- [Exercise description]:
From the line holding "SALERI SIL Wasserpumpe pa377p für VW Audi" to the final line below, restate each line word for word and add nothing.

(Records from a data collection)
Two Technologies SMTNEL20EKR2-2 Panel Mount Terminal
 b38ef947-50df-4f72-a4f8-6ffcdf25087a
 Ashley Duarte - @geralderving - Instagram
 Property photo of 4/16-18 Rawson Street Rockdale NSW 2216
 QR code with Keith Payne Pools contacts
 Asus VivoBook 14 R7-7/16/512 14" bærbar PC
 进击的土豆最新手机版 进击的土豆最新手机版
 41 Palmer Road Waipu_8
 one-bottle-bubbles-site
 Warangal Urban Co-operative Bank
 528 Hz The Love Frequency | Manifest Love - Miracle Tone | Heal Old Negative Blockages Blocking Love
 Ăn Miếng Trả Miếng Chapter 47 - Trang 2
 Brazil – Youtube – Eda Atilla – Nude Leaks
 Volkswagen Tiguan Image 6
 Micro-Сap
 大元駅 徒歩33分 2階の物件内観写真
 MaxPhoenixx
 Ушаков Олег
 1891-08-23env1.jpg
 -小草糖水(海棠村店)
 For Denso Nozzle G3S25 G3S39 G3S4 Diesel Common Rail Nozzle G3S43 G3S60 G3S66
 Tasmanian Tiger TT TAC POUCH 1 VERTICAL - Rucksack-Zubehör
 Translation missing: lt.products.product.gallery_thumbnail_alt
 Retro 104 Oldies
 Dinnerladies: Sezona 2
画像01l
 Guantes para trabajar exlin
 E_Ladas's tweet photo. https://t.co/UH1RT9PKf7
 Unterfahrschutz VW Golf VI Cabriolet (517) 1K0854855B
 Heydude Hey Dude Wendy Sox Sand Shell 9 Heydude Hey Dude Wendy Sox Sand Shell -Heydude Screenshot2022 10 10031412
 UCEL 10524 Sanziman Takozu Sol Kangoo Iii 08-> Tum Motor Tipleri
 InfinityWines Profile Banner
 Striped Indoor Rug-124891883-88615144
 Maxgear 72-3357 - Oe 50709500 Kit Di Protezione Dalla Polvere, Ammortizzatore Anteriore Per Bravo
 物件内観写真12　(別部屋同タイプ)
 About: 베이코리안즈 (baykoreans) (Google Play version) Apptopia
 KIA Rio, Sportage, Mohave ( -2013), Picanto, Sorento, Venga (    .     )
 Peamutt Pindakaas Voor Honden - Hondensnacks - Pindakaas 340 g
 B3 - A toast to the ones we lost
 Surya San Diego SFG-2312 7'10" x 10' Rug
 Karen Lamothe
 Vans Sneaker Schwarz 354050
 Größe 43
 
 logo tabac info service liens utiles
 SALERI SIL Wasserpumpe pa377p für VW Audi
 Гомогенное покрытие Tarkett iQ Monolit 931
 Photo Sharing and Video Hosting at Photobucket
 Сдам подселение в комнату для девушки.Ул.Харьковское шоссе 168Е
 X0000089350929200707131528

- [Result for this exercise]:
 SALERI SIL Wasserpumpe pa377p für VW Audi
 Гомогенное покрытие Tarkett iQ Monolit 931
 Photo Sharing and Video Hosting at Photobucket
 Сдам подселение в комнату для девушки.Ул.Харьковское шоссе 168Е
 X0000089350929200707131528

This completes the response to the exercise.